It’s been 2,342 trading days since Nvidia and the Nasdaq 100 diverged like this

A lackluster response to Nvidia’s earnings report is not causing any negative market spillovers.

Luke Kawa

The 2024 stock market has, for all intents and purposes, belonged to Nvidia.

The chipmaker powering the AI boom has moved in the same direction as the S&P 500 on more than 70% of trading days this year; for the Nasdaq 100, that share is close to 80%.

That’s what makes the post-earnings divergence between Nvidia and the tech-heavy gauge so interesting, with the stock down over 3% while the Nasdaq 100 is up about 1.2% as of 12:15pm ET.

The landmark event that everyone thought might define the market direction, at least in the near-term, hasn’t.

We’ve gone 2,342 trading days since the Nasdaq 100 was up at least 1% while Nvidia was down at least 2.5%.

Nvidia is a $3 trillion company now; back then, its market capitalization was less than $12 billion.

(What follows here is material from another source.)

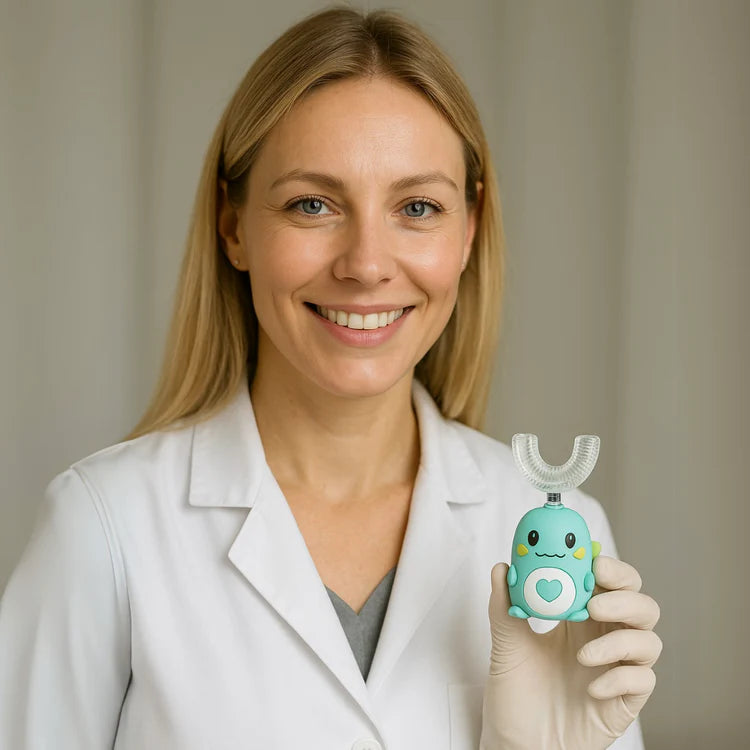 מברשת השיניים של 🦷 Smiley Zeus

Its weighting in the Nasdaq 100 has increased substantially over this period, making this divergence all the more noteworthy.

What also makes this quite intriguing is that the volatility backdrop has been wildly different recently compared to previous times Nvidia has reported in the past year, as flagged by Macro Risk Advisors CEO and founder Dean Curnutt, ahead of the event.

We can backfill some good reasons why it hasn’t, like the strong performance of software stocks on the heels of Saleforce’s strong earnings, or this comment from Wedbush Securities’ Dan Ives on how Nvidia is helping the entire semi industry (via BNN’s Amber Kanwar).

But stepping back, the conditions for a negatively-received Nvidia report to destabilize the broader market seemed to be present. That simply hasn’t happened.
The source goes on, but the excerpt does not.